**Instructions for the task:**
Without reproducing any image, print the listing below exactly.
Top of Input for this task
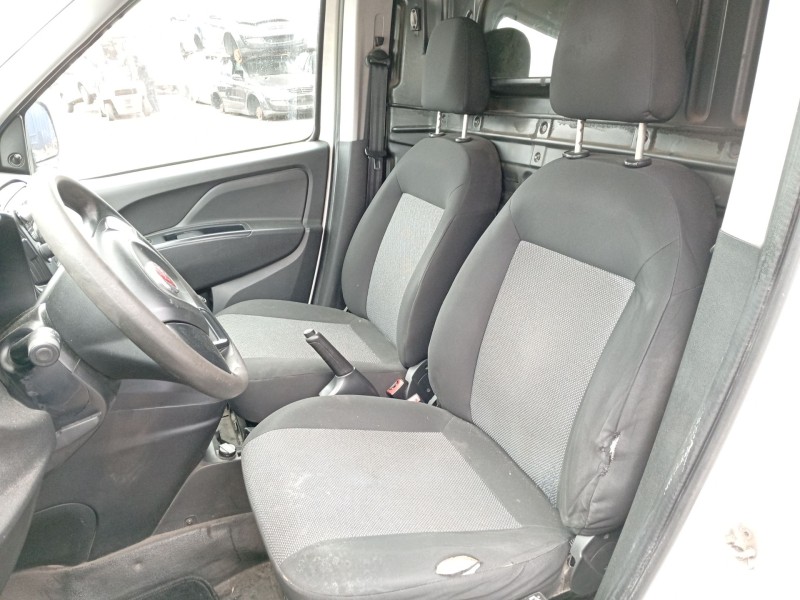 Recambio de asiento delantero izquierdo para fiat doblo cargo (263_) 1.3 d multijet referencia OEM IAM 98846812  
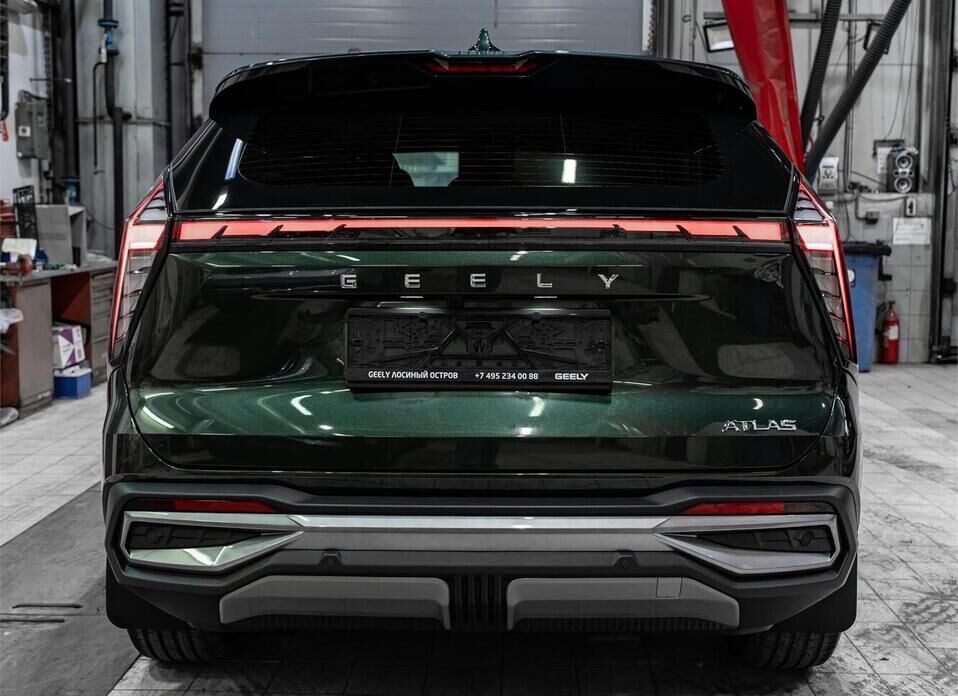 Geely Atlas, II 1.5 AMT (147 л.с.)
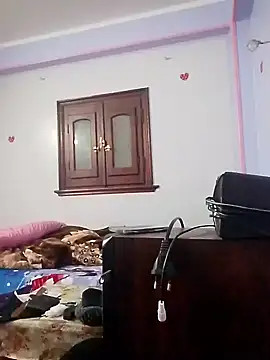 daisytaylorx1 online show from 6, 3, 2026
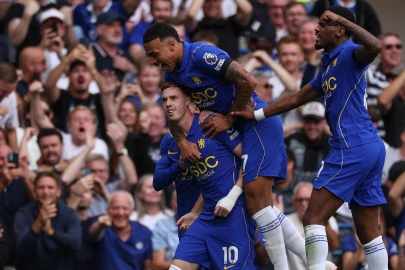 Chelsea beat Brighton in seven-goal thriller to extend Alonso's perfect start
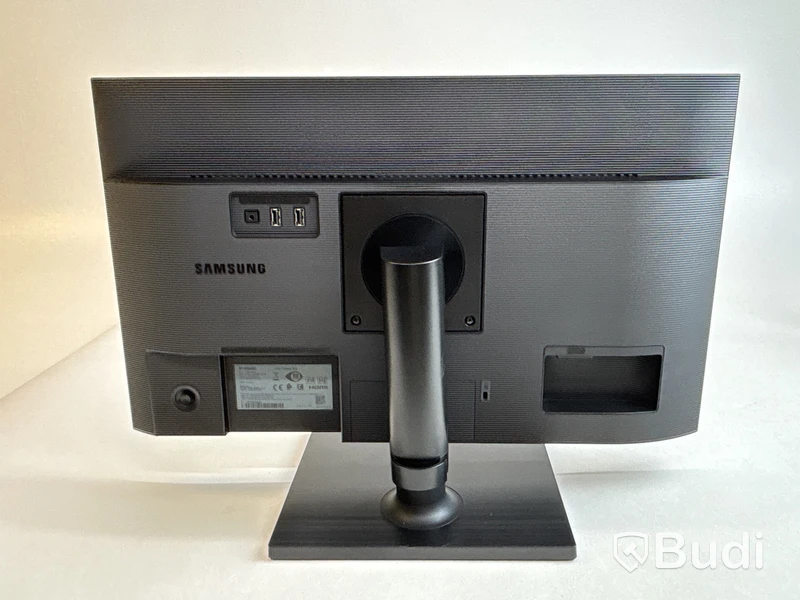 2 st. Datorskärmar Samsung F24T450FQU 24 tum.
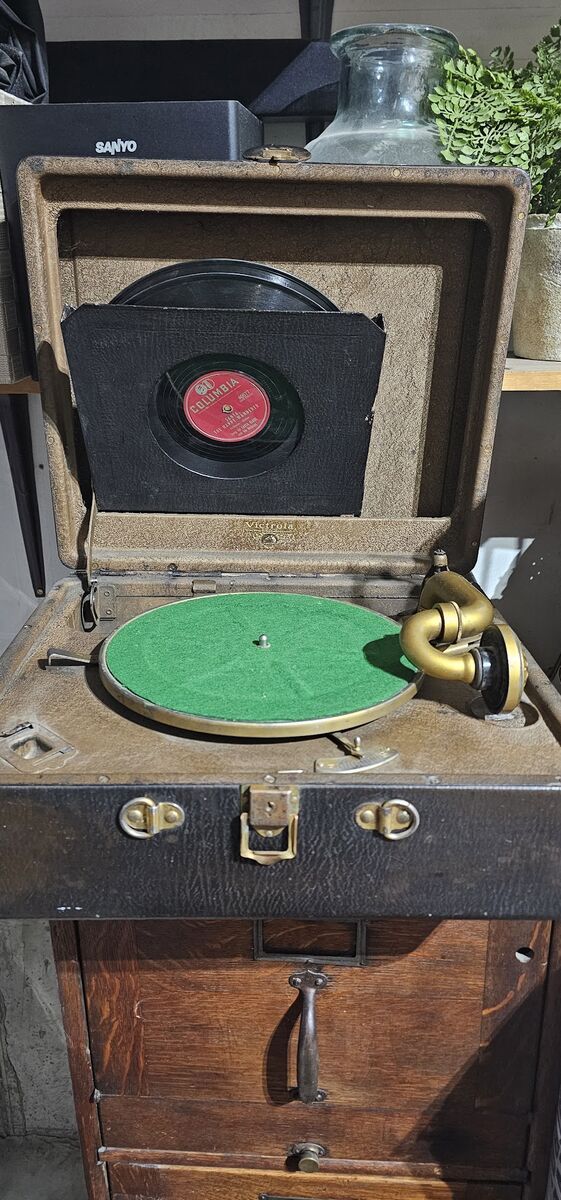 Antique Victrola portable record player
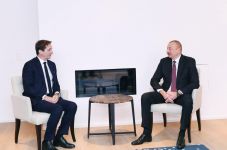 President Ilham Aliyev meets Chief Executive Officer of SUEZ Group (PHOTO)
Bottom of Input for this task
**Solution to this exercise:**
 Recambio de asiento delantero izquierdo para fiat doblo cargo (263_) 1.3 d multijet referencia OEM IAM 98846812  
 Geely Atlas, II 1.5 AMT (147 л.с.)
 daisytaylorx1 online show from 6, 3, 2026
 Chelsea beat Brighton in seven-goal thriller to extend Alonso's perfect start
 2 st. Datorskärmar Samsung F24T450FQU 24 tum.
 Antique Victrola portable record player
 President Ilham Aliyev meets Chief Executive Officer of SUEZ Group (PHOTO)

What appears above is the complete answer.